> Extracted data entries
=-=-=
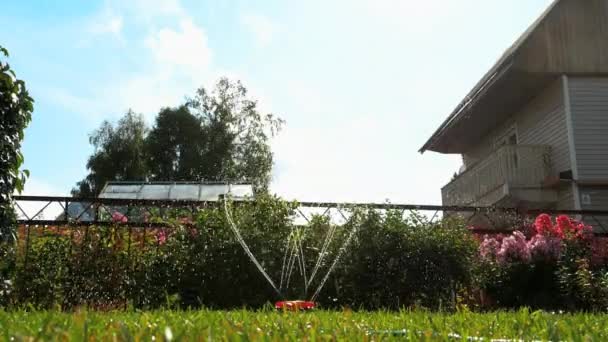 Arroseur d'eau de pelouse de jardin — Video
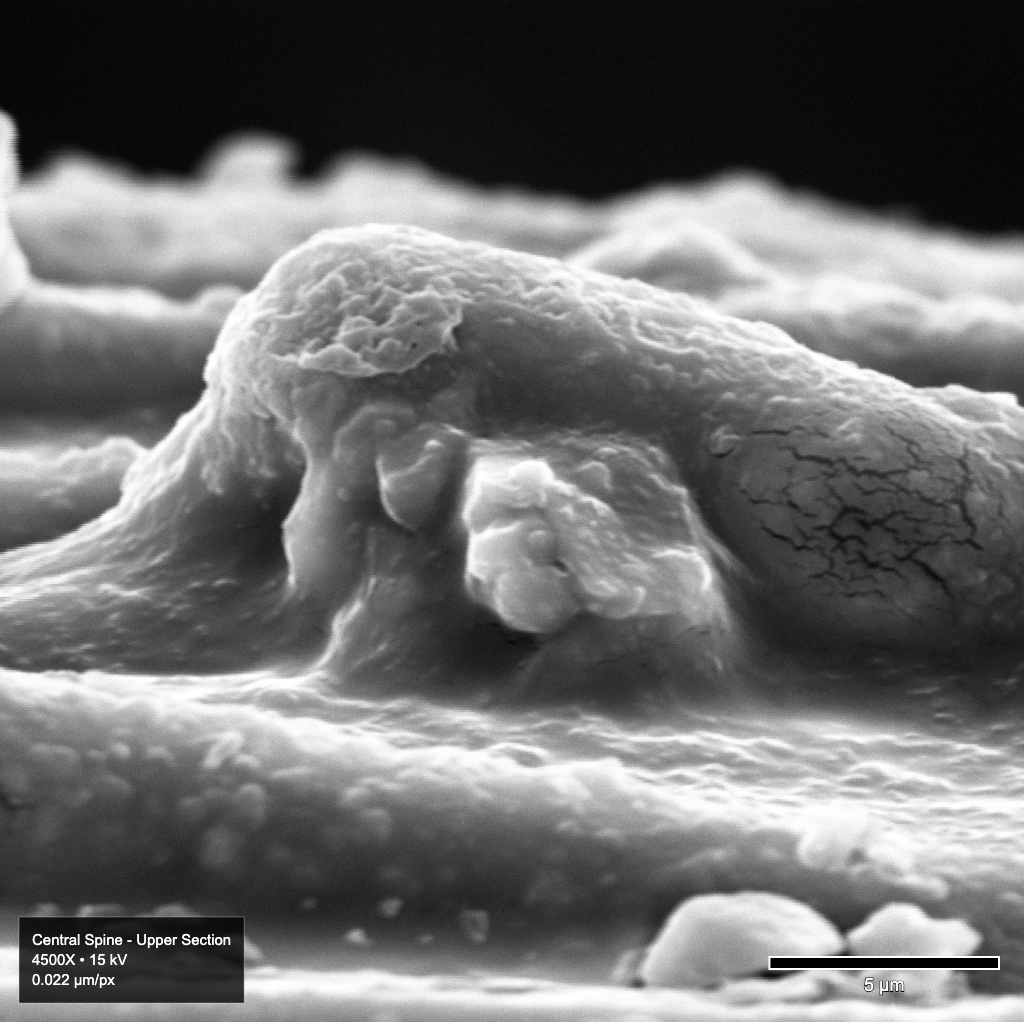Image of microscopic spines on Echinocereus relictus
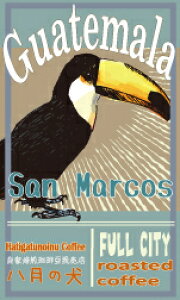 500g@OAe} SHB T}RX@yR[q[zyz yR[q[z y蓤zyNz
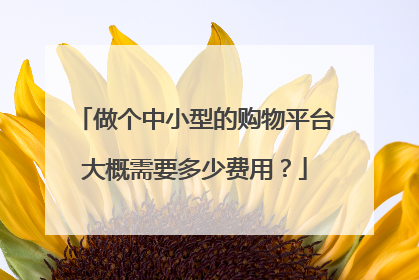 做个中小型的购物平台大概需要多少费用?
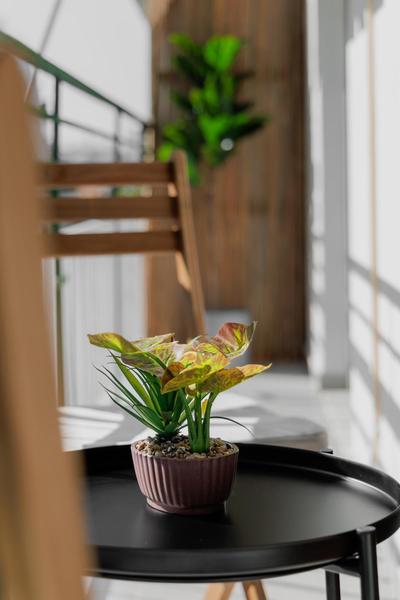 Sunny & Modern apt for 3 persons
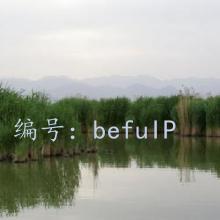 ĺ֮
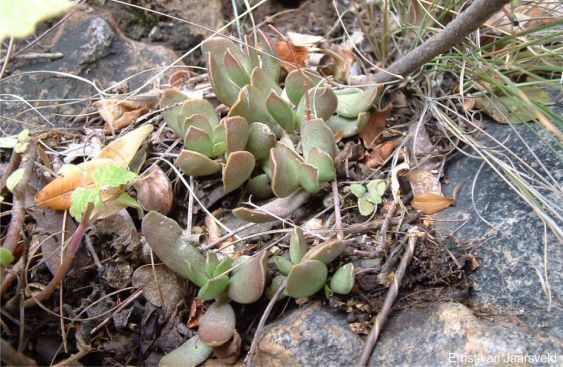 Adromischus umbraticola subsp. ramosus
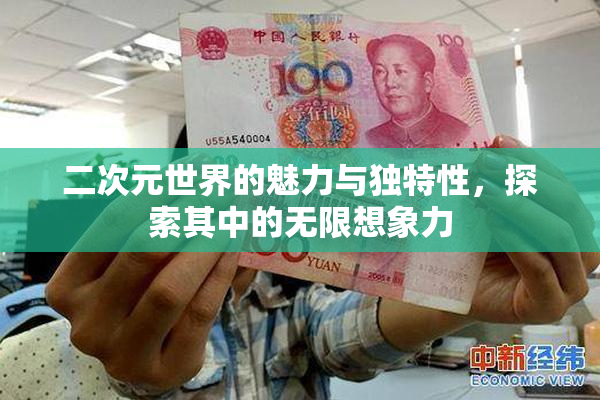 二次元世界的魅力与独特性，探索其中的无限想象力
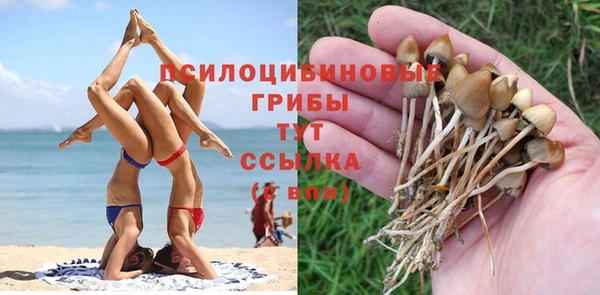 a pvp Инта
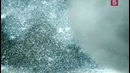 Кельтские чудовища. Великаны. 5 серия. Документальный фильм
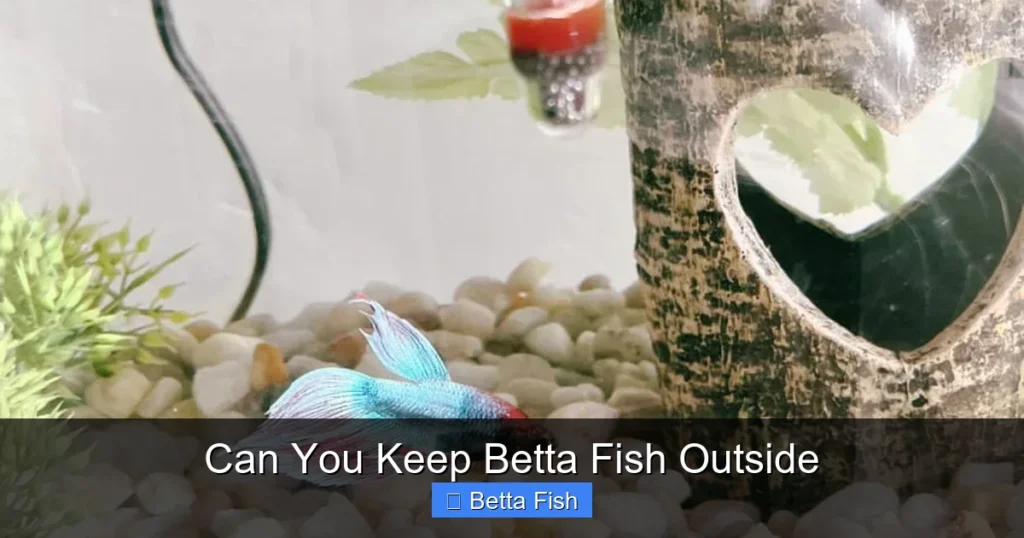 Can You Keep Betta Fish Outside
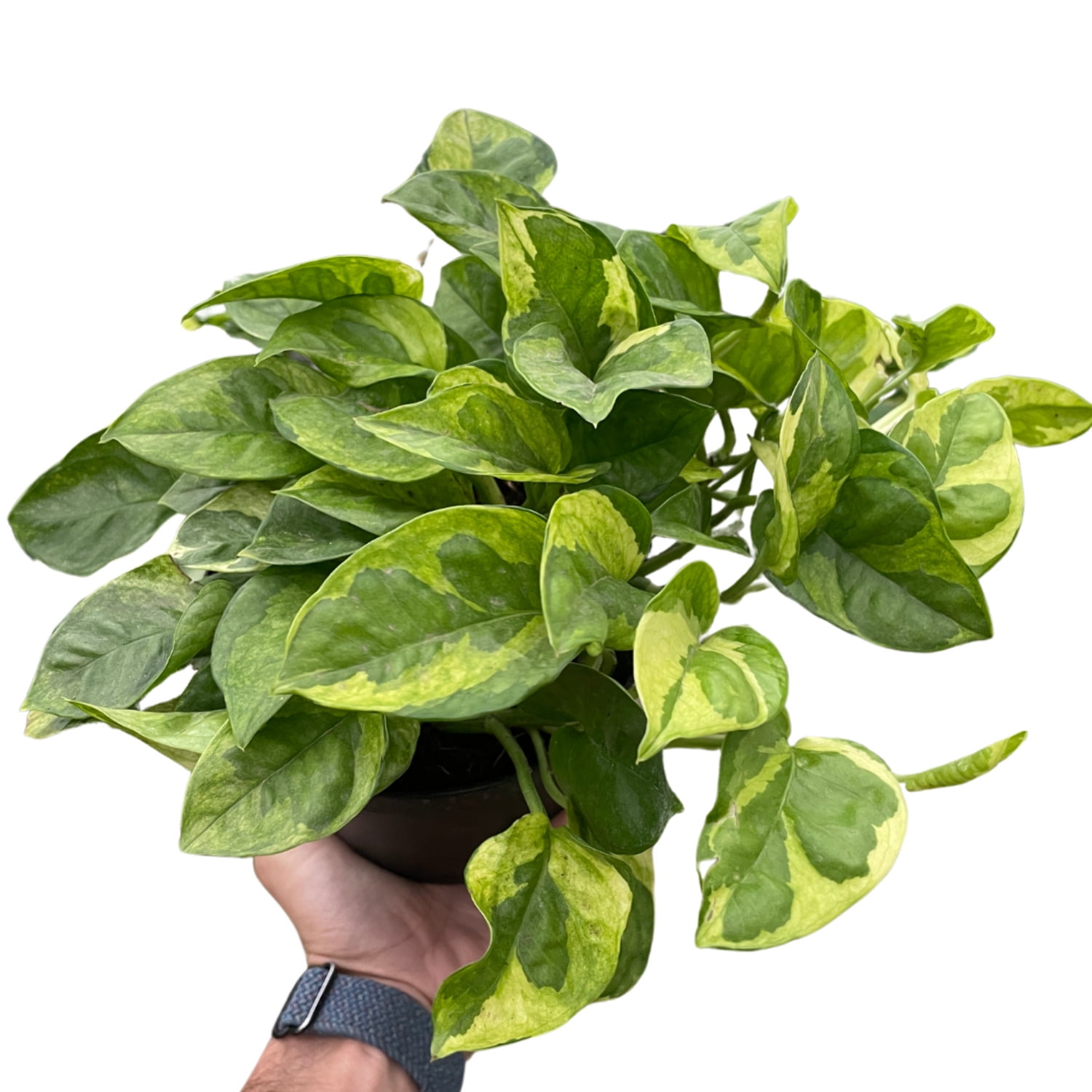 Pothos 'Lemon Meringue', 6" Pot, Indoor Houseplant, Easy Care, Live Plant for Indoor & Outdoor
=-=-=
Pictures are to be left out; the answer must otherwise be exactly the lines from the one with "Image of microscopic" through the final line of the entries above, both included.

> SOLUTION TO THIS PROBLEM
Image of microscopic spines on Echinocereus relictus
 500g@OAe} SHB T}RX@yR[q[zyz yR[q[z y蓤zyNz
 做个中小型的购物平台大概需要多少费用?
 Sunny & Modern apt for 3 persons
 ĺ֮
 Adromischus umbraticola subsp. ramosus
 二次元世界的魅力与独特性，探索其中的无限想象力
 a pvp Инта
 Кельтские чудовища. Великаны. 5 серия. Документальный фильм
 Can You Keep Betta Fish Outside
 Pothos 'Lemon Meringue', 6" Pot, Indoor Houseplant, Easy Care, Live Plant for Indoor & Outdoor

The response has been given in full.